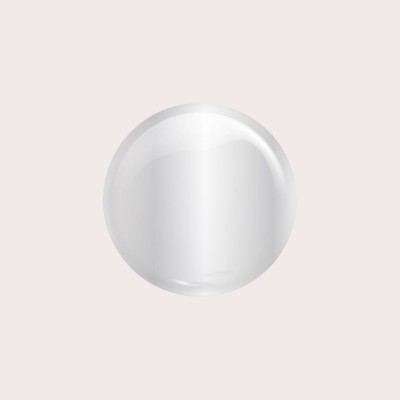 Build Gel 01 Totally Clear 15ml 2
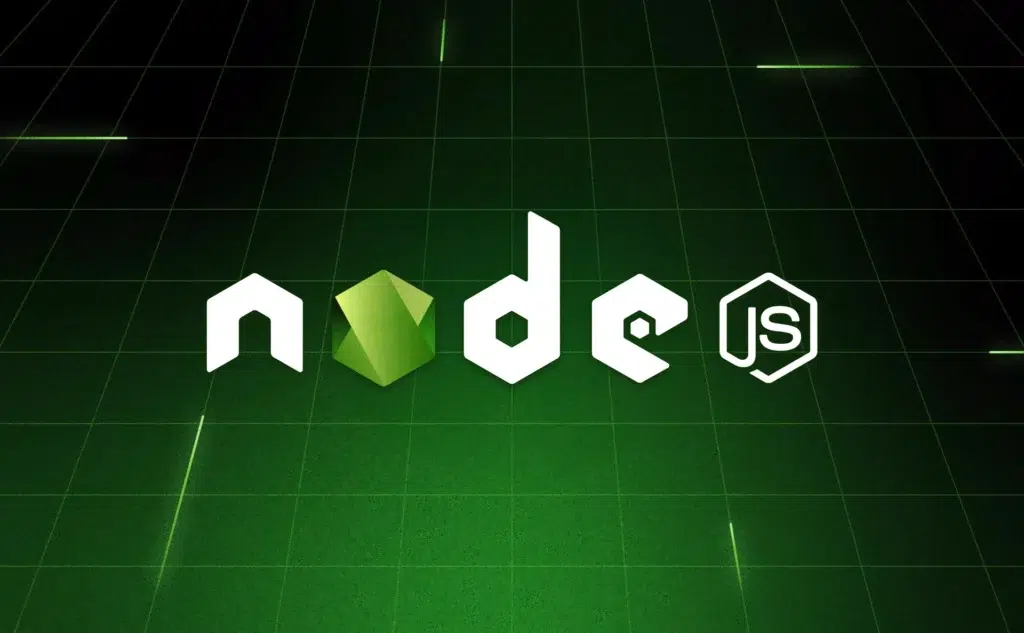 Stealit malware abusa do Node.js SEA em falsos instaladores 3 Stealit malware explora Node.js SEA e Electron em instaladores falsos de jogos/VPN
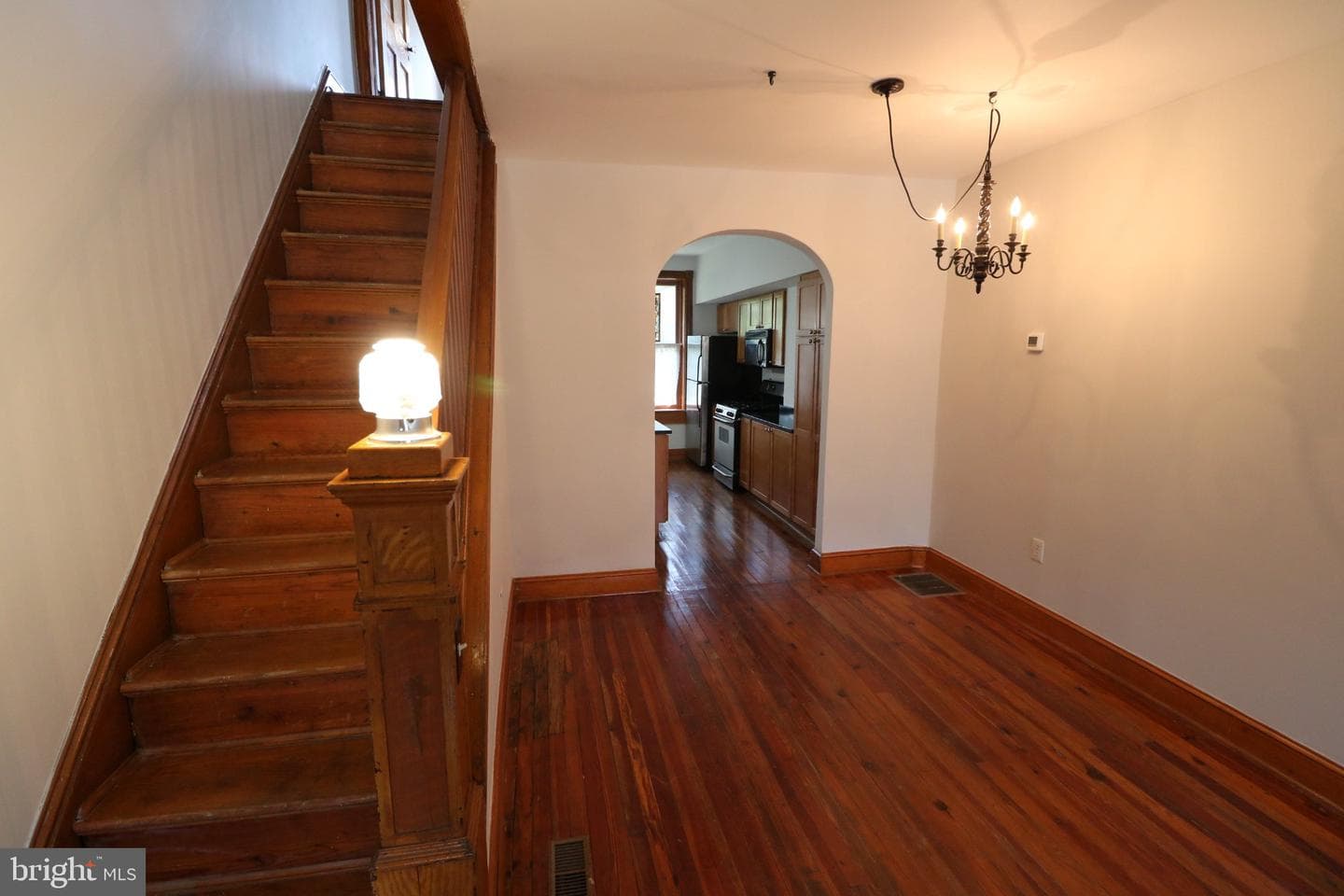 26 S Potomac Street photo 4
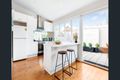 Property photo of 8 Phoenix Street South Yarra VIC 3141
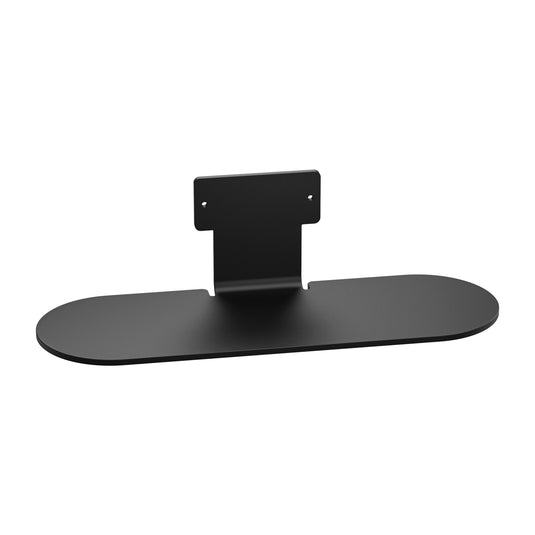 Jabra PanaCast 50 Table Stand - Black - TopAV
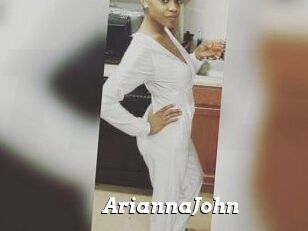 Arianna_John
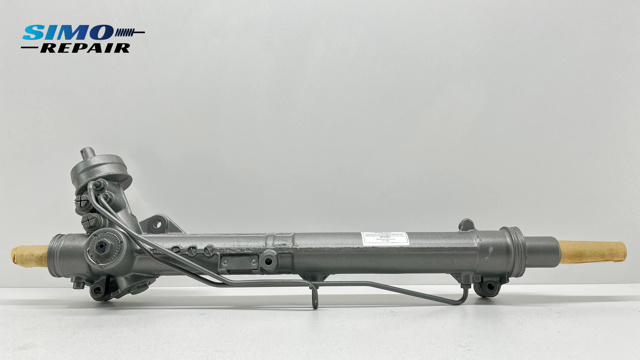 Рулевая рейка AD77 WAT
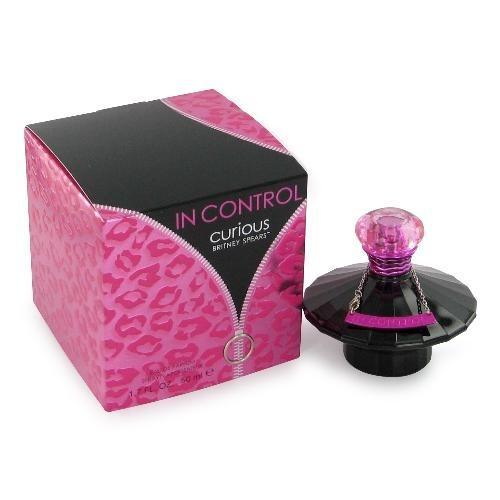  Si buscas Perfume Incontrol Curious Dama 100 Ml ¡¡ 100% Originales¡ puedes comprarlo con PERFUKING está en venta al mejor precio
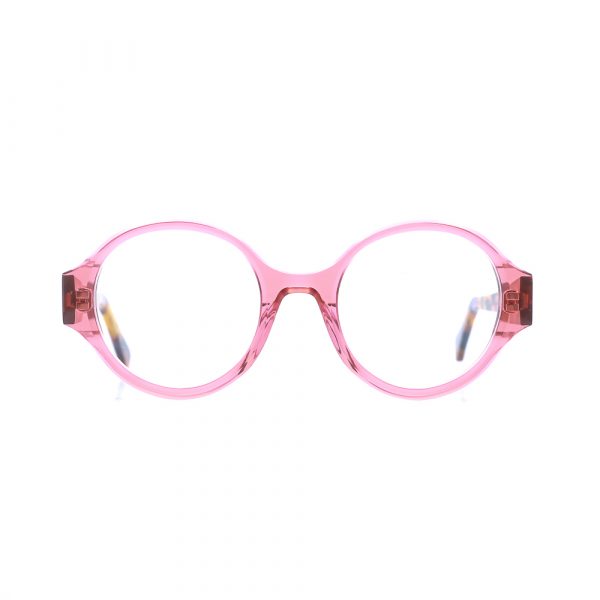 Bezzi - Optique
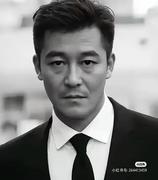 Xavier1993的个人资料头像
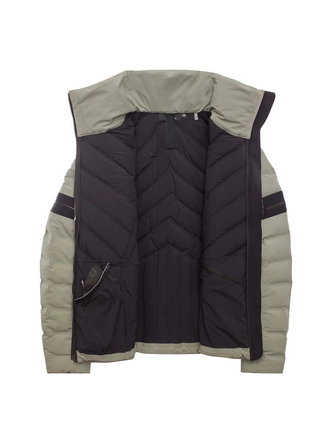 toni-sailer-women-ski-jacket-emmy-mineral-green-product-inside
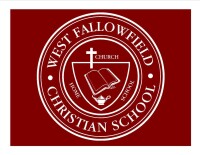 West fallowfield christian school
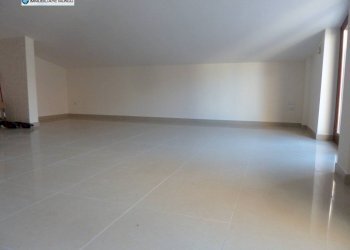 Quadrilocale Via Amendola, Campomarino - foto 4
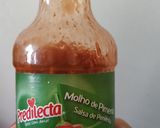 Foto del paso 5 de la receta: Tacos mi versión 😋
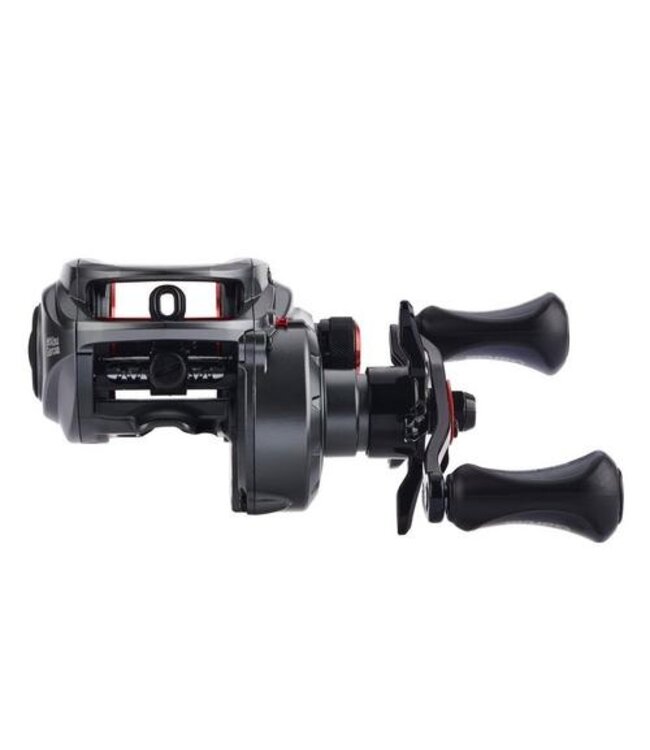 Abu Garcia ABU GARCIA ABU MAX4-LP 41/61
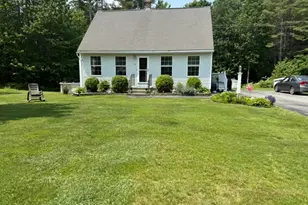 9 Willow Circle, Lisbon, ME 04250 - Photo 68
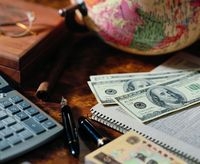 Правительство края засомневалось в финансовых возможностях региона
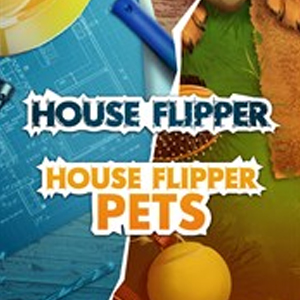 Koop Pets Bundle CD Key Goedkoop Vergelijk de Prijzen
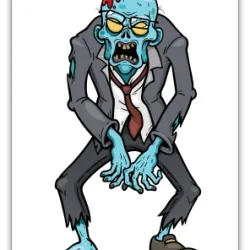 Arcade Card #186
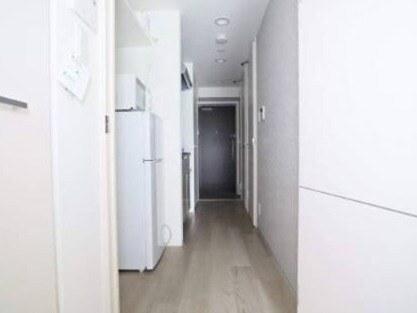 物件内観写真20　(※写真は同じマンションの違う部屋のものになります。)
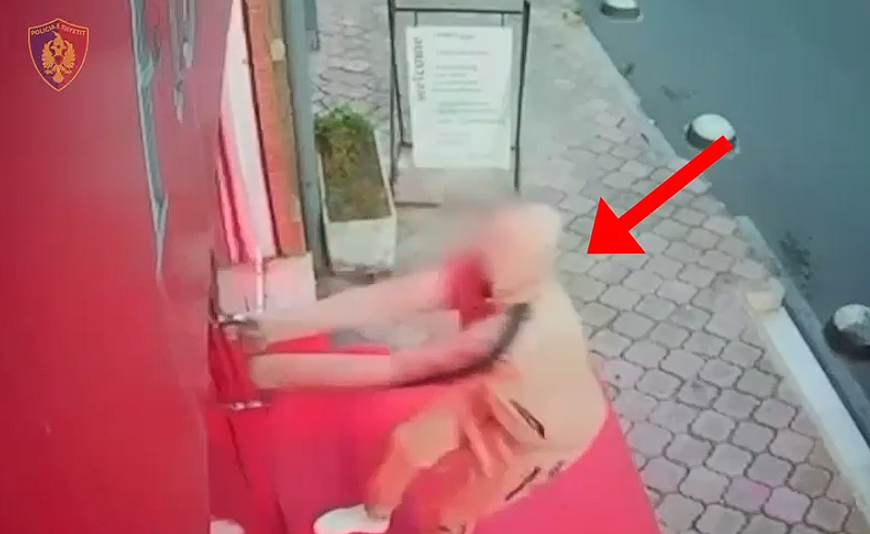 16 lokale në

> **Task objective**: After locating the line with "Koop Pets Bundle" in the listing above, transcribe it and every line after it to the last, exactly, with no pictures.

> **Output of the task**:
 Koop Pets Bundle CD Key Goedkoop Vergelijk de Prijzen
 Arcade Card #186
 物件内観写真20　(※写真は同じマンションの違う部屋のものになります。)
 16 lokale në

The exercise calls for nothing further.